**Data to examine:**
--- START ---
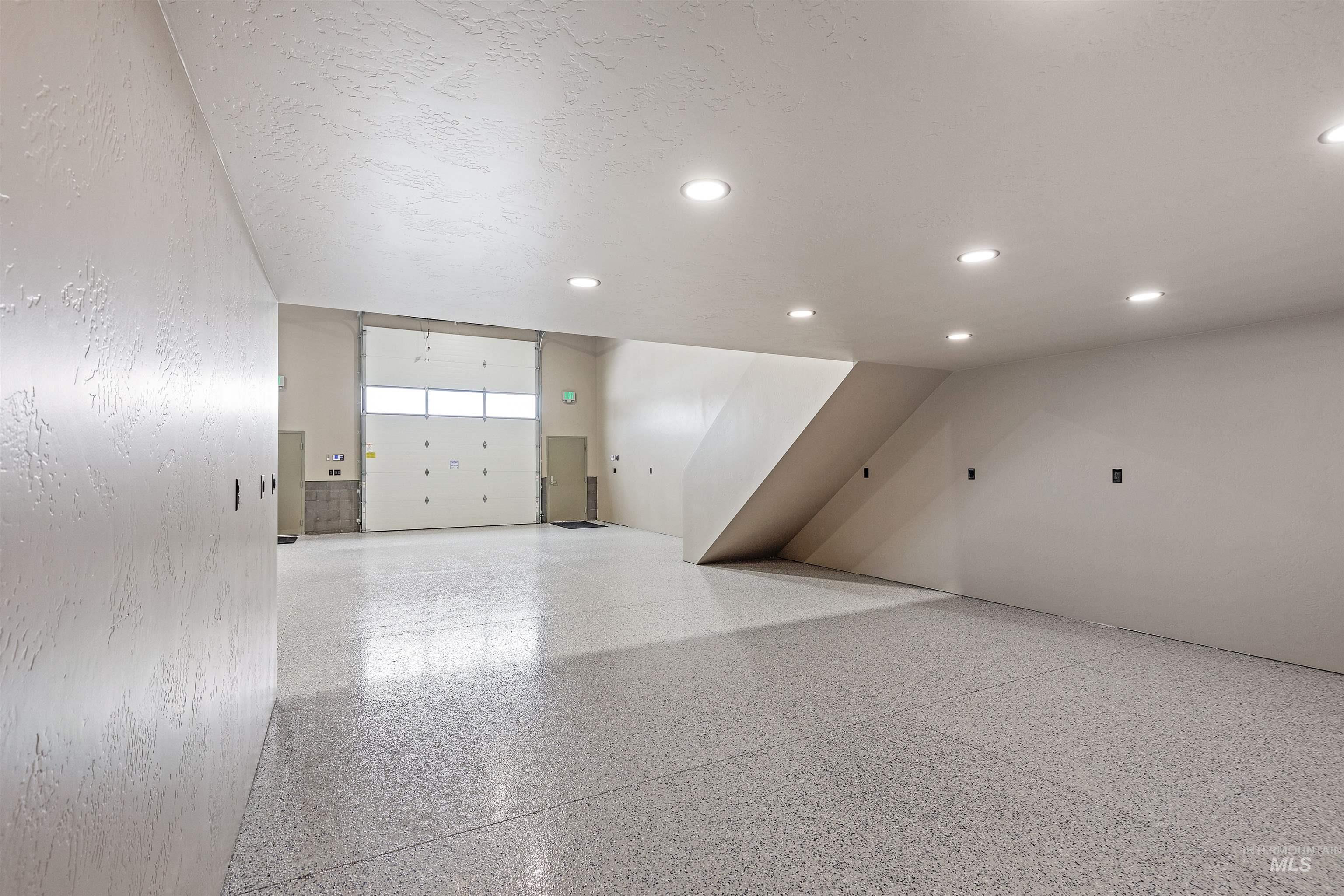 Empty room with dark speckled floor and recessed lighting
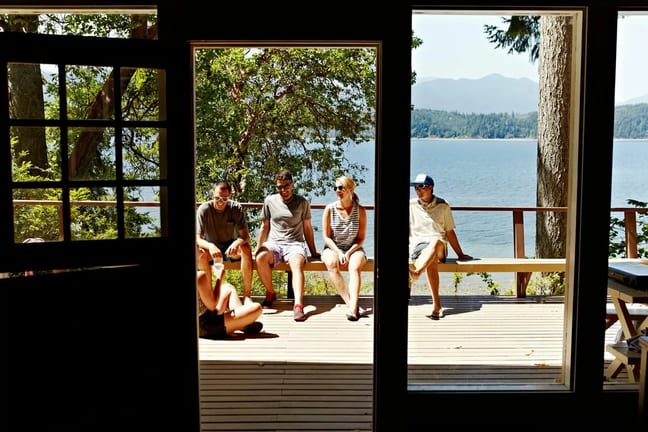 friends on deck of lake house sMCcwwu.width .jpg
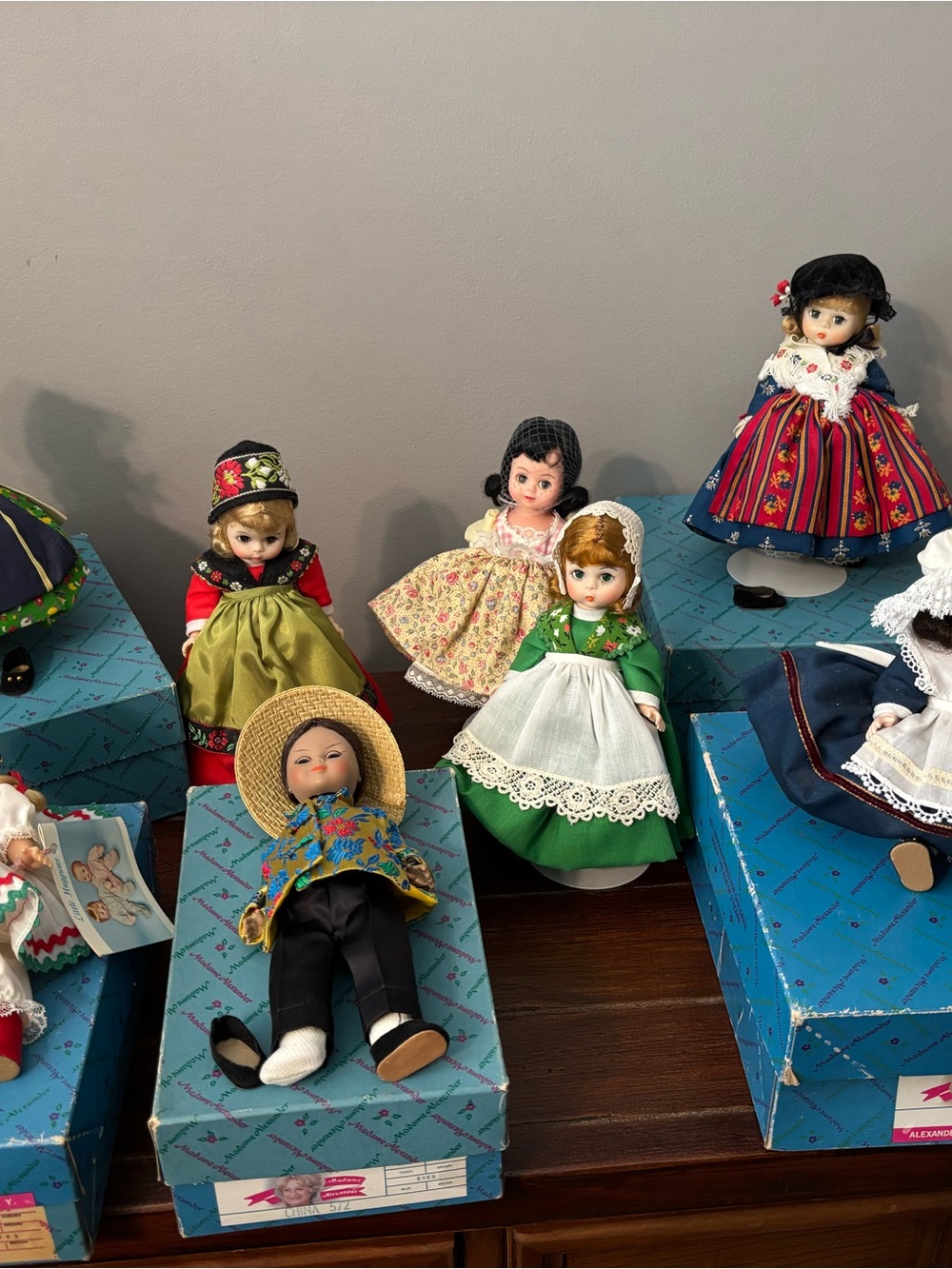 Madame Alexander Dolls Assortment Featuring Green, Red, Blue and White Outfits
--- END ---
--- START ---
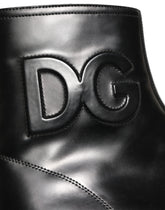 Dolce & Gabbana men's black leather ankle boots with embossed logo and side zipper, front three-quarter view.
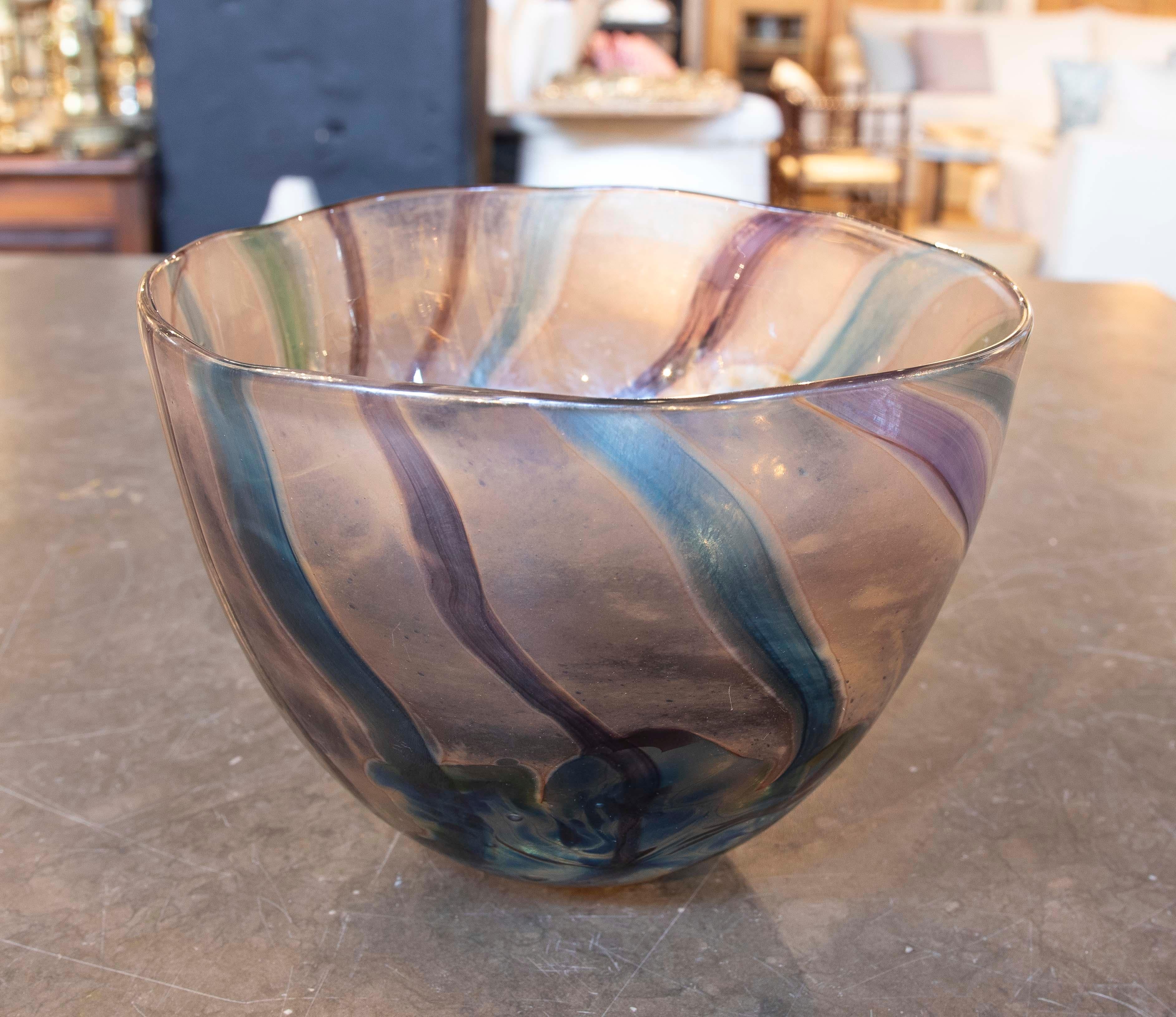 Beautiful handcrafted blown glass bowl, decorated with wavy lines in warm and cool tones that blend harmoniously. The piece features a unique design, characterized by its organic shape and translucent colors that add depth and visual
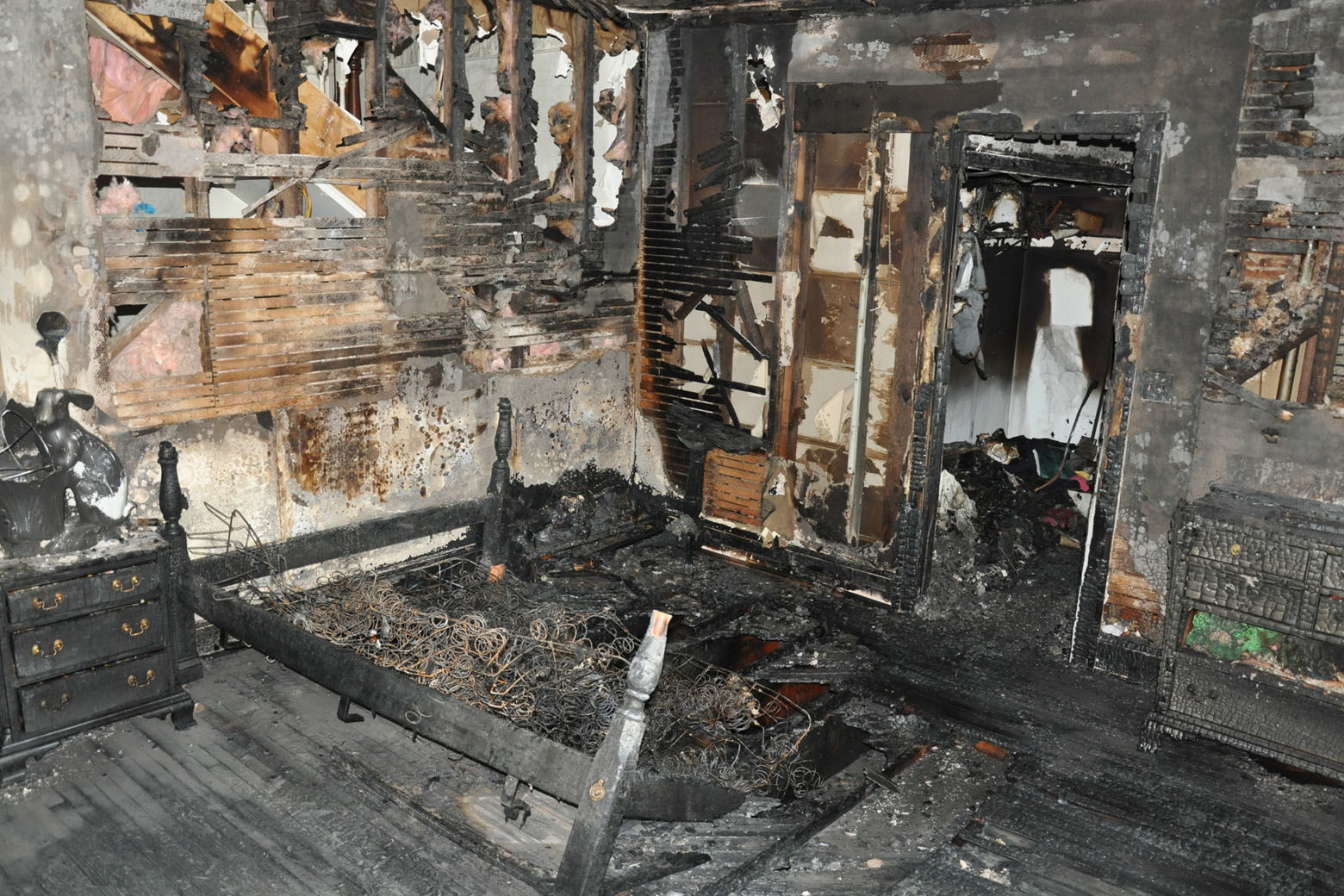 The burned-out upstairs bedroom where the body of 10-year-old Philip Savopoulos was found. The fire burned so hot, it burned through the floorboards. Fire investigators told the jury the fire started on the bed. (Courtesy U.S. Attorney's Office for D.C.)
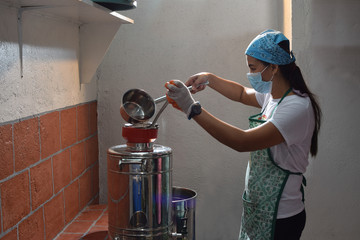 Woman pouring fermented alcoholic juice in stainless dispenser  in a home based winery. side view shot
--- END ---
--- START ---
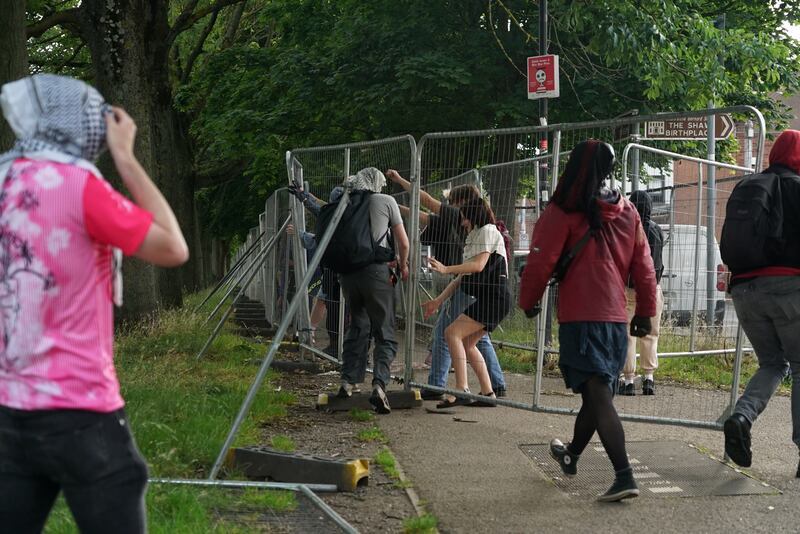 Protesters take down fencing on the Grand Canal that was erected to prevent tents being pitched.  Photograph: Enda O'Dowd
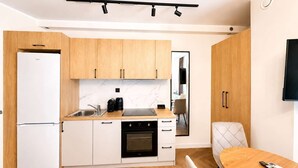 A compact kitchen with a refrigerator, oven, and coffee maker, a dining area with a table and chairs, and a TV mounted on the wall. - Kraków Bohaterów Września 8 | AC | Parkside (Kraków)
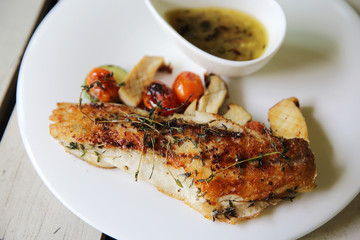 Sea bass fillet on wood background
--- END ---
Only one stretch of the listing is wanted: the lines starting at the one with "A compact kitchen" and ending at the one with "Sea bass fillet on wood background", copied exactly and free of pictures.

 A compact kitchen with a refrigerator, oven, and coffee maker, a dining area with a table and chairs, and a TV mounted on the wall. - Kraków Bohaterów Września 8 | AC | Parkside (Kraków)
 Sea bass fillet on wood background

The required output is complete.